(EXERCISE PROMPT)
Check every line of the data below for the word "full", then give only the number of lines that have it.
==== TASK INPUT ====
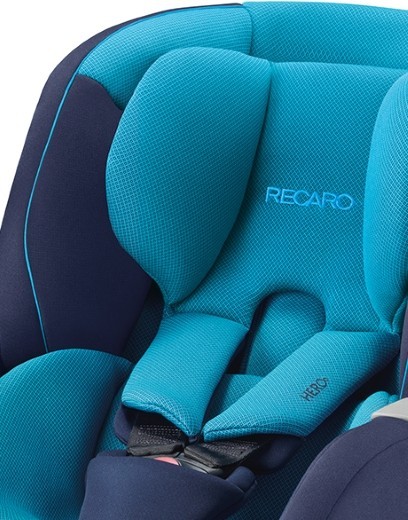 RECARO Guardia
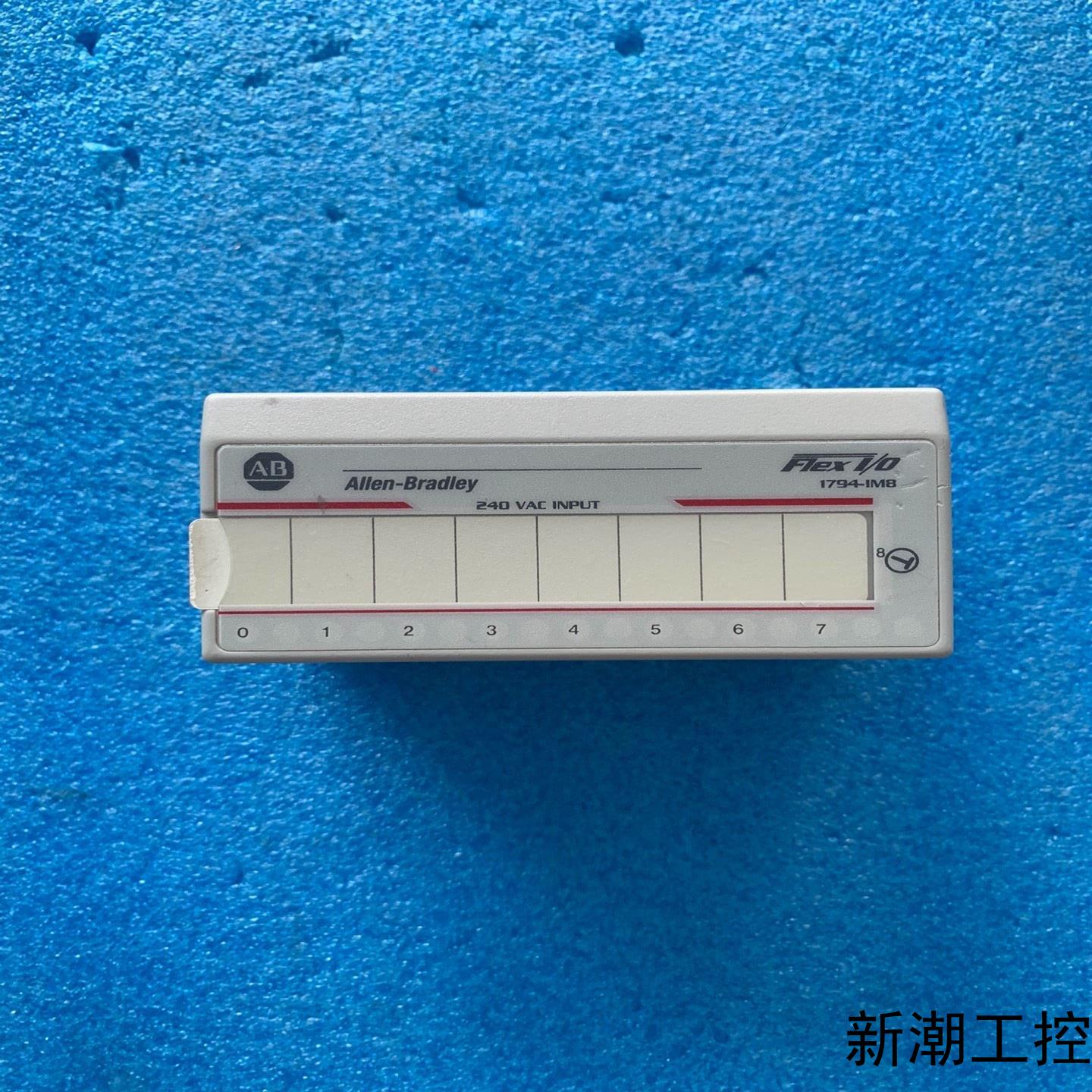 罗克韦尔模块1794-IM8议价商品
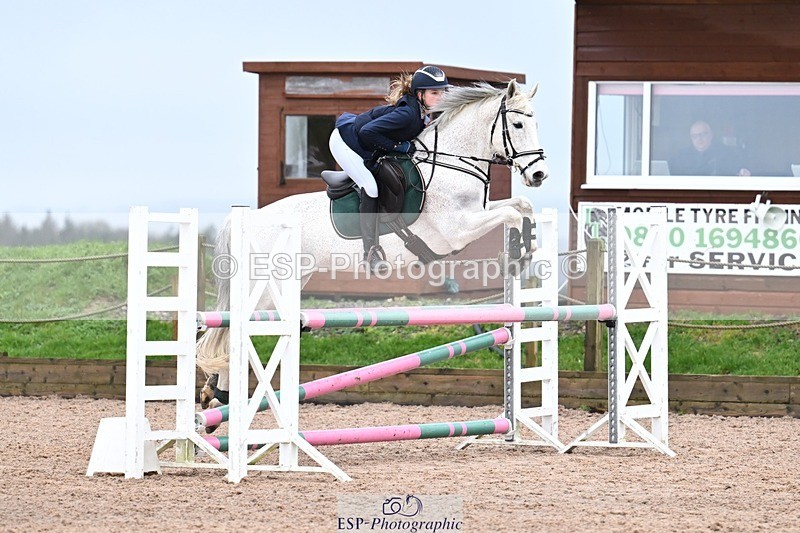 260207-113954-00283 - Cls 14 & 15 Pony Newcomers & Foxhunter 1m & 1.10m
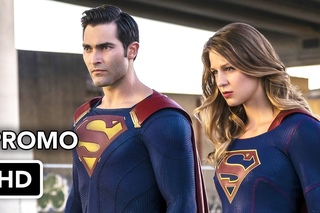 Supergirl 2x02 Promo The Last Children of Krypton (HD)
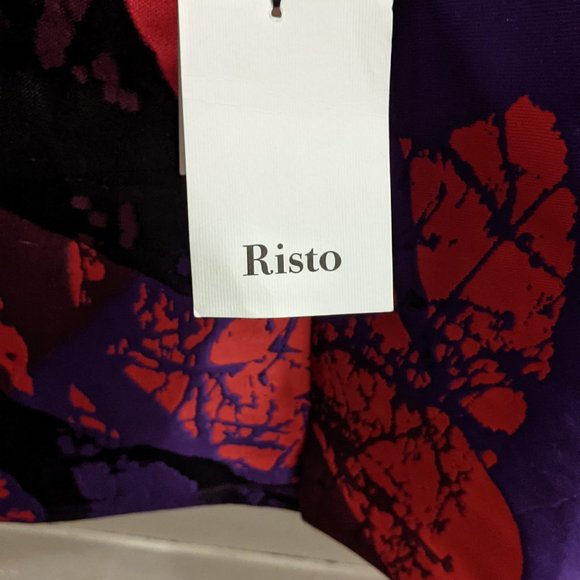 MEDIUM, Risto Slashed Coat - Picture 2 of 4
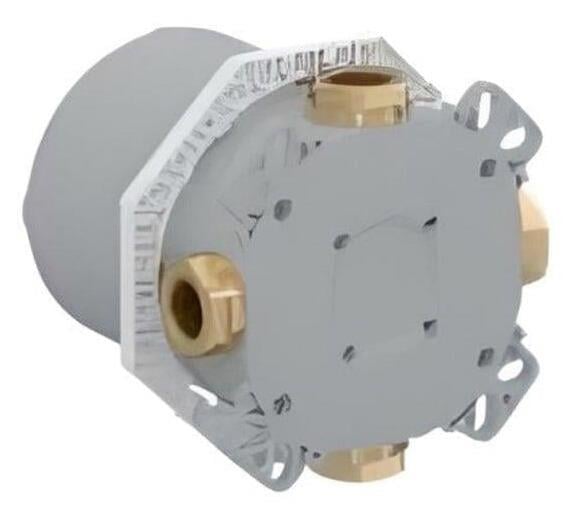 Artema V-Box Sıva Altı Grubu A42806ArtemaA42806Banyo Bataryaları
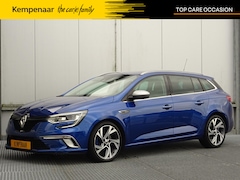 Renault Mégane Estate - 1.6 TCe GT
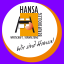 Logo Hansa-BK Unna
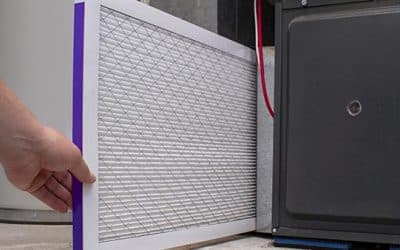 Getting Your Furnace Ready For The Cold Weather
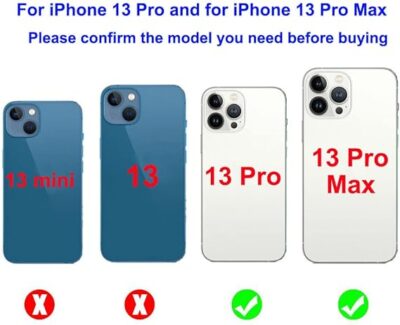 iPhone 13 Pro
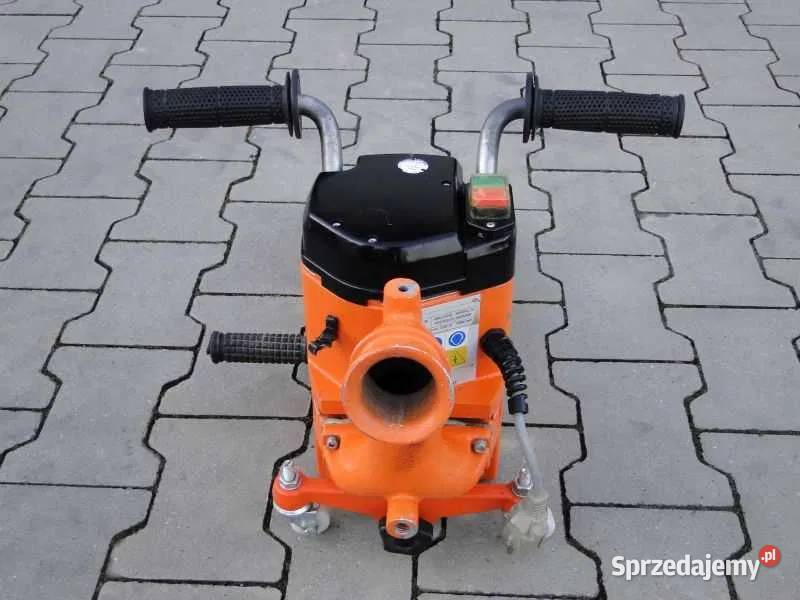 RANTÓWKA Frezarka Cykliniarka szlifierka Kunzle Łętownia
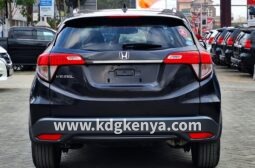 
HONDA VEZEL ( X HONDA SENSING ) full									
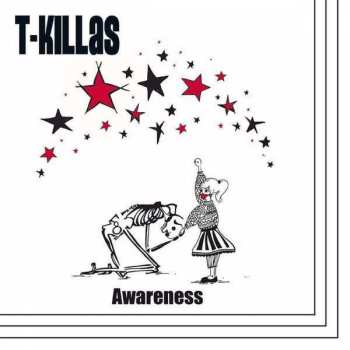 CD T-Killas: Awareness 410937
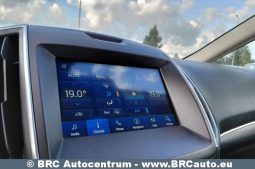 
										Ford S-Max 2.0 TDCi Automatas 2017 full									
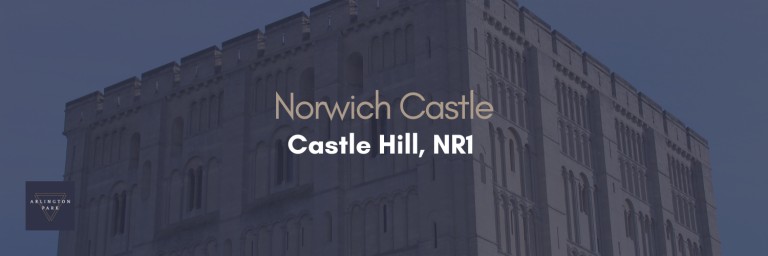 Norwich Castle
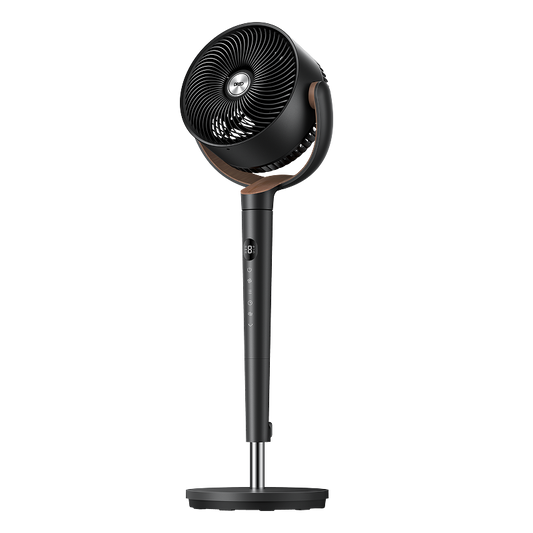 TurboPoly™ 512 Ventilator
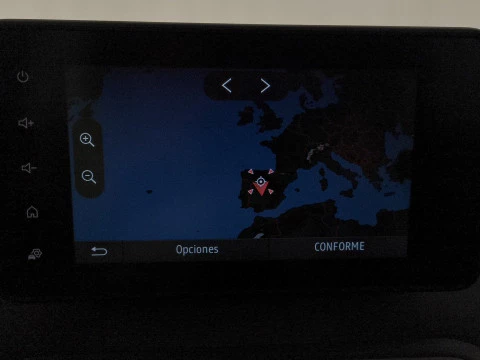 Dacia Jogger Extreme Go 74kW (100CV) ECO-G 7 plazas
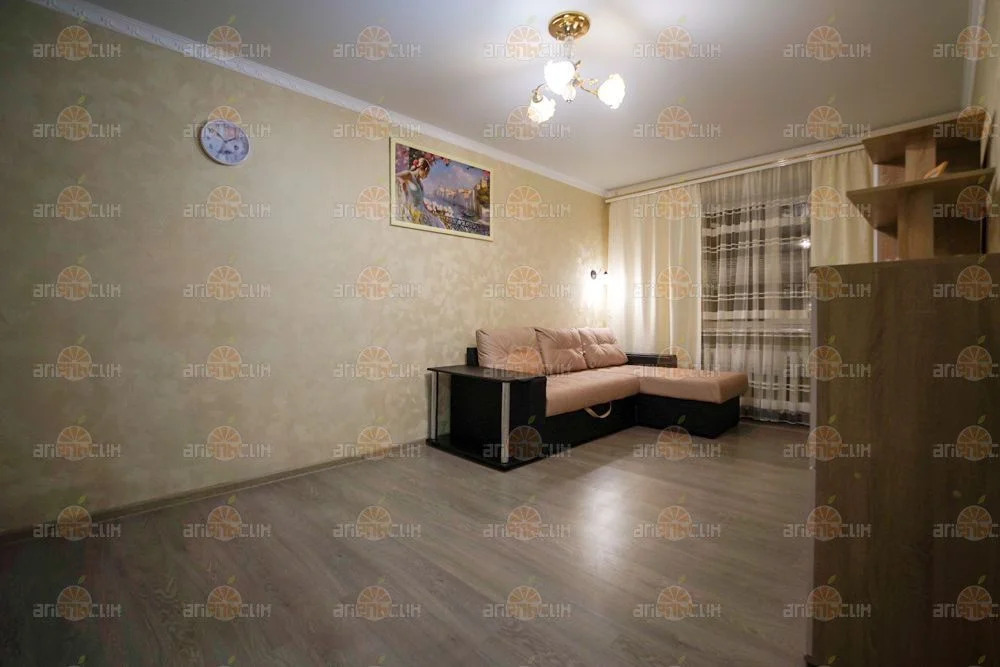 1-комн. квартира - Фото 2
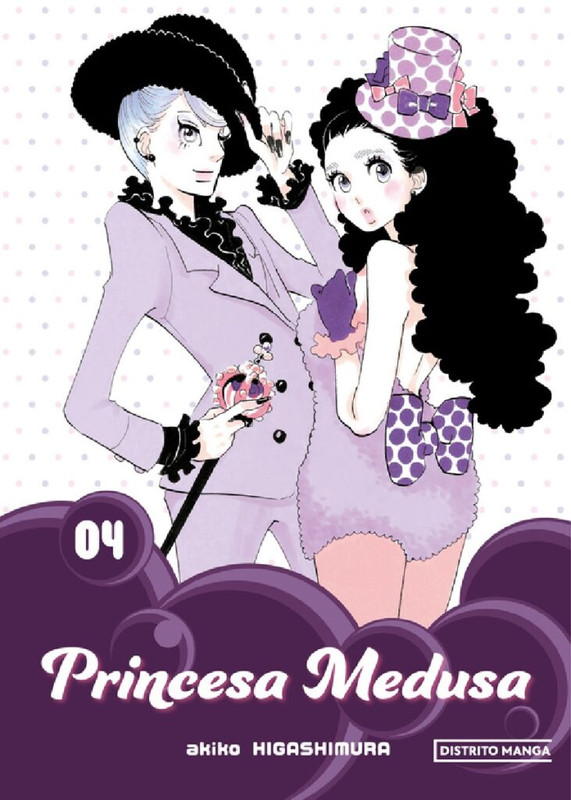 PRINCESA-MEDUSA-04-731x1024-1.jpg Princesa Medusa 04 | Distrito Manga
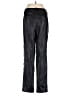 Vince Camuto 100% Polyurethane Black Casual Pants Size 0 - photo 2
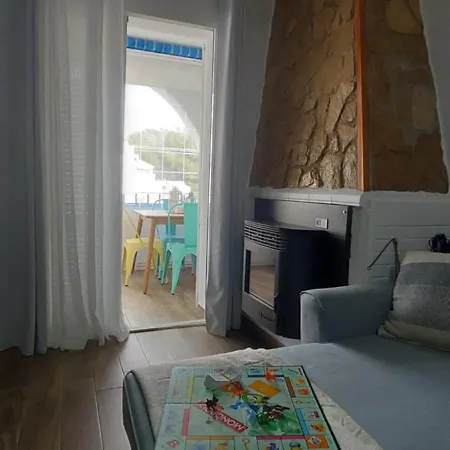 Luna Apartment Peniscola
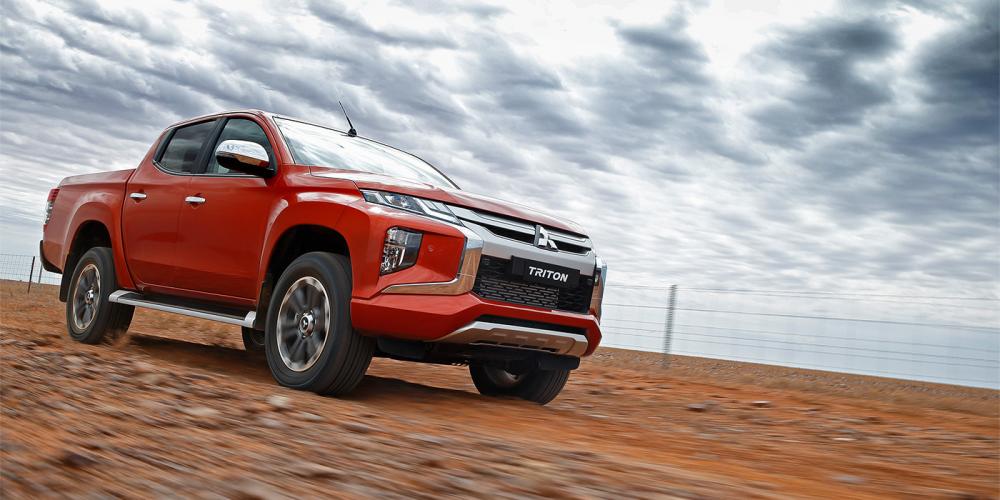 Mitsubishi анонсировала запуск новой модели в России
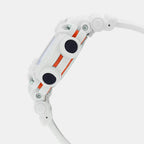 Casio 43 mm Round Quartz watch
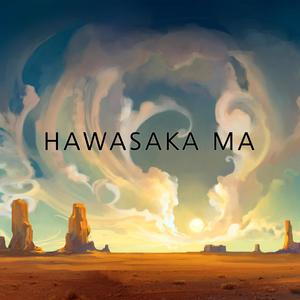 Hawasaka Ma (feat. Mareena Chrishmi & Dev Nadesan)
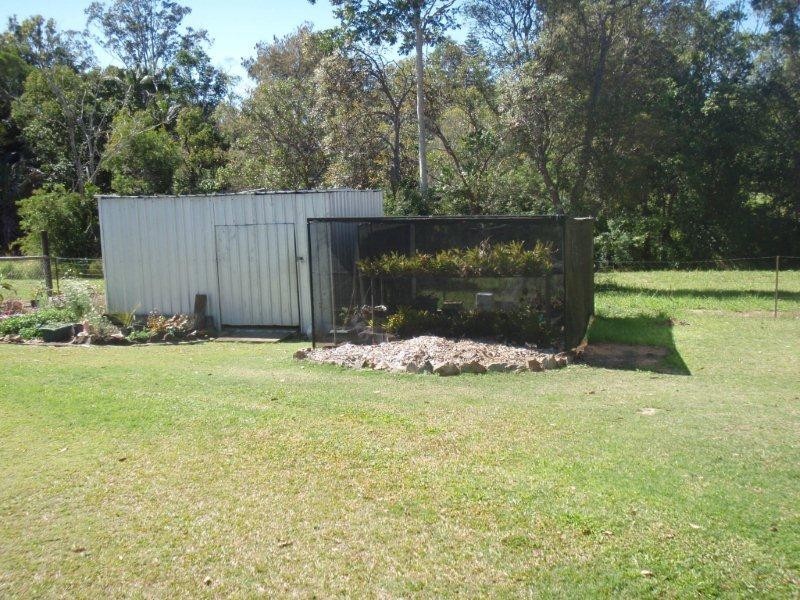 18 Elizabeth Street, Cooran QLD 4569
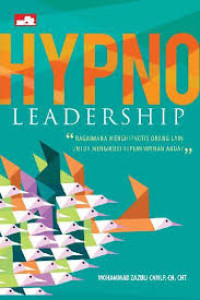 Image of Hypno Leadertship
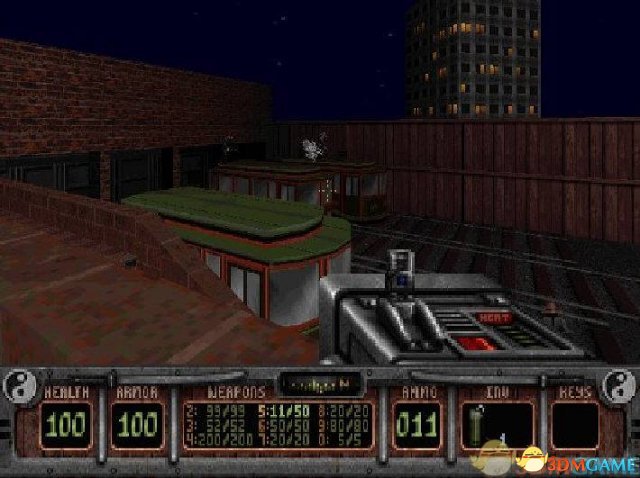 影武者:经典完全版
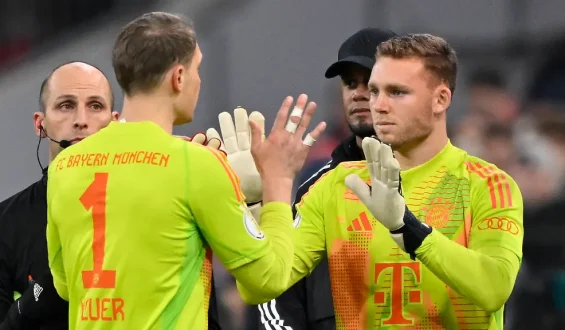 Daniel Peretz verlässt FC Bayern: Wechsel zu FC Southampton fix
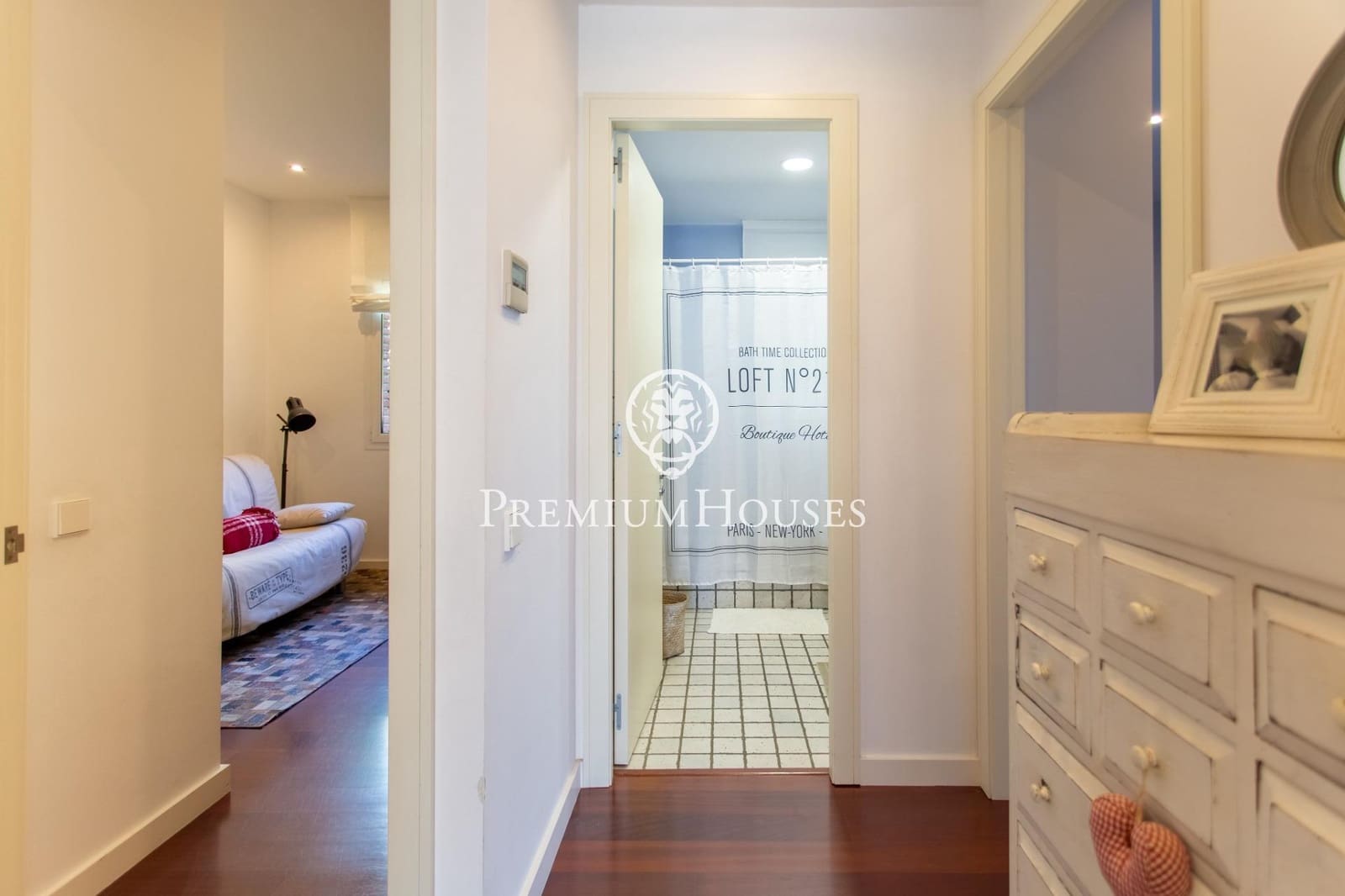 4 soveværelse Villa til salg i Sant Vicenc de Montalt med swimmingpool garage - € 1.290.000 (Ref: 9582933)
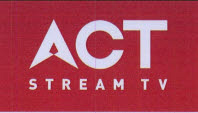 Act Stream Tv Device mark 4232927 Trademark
====
(FINAL ANSWER)
2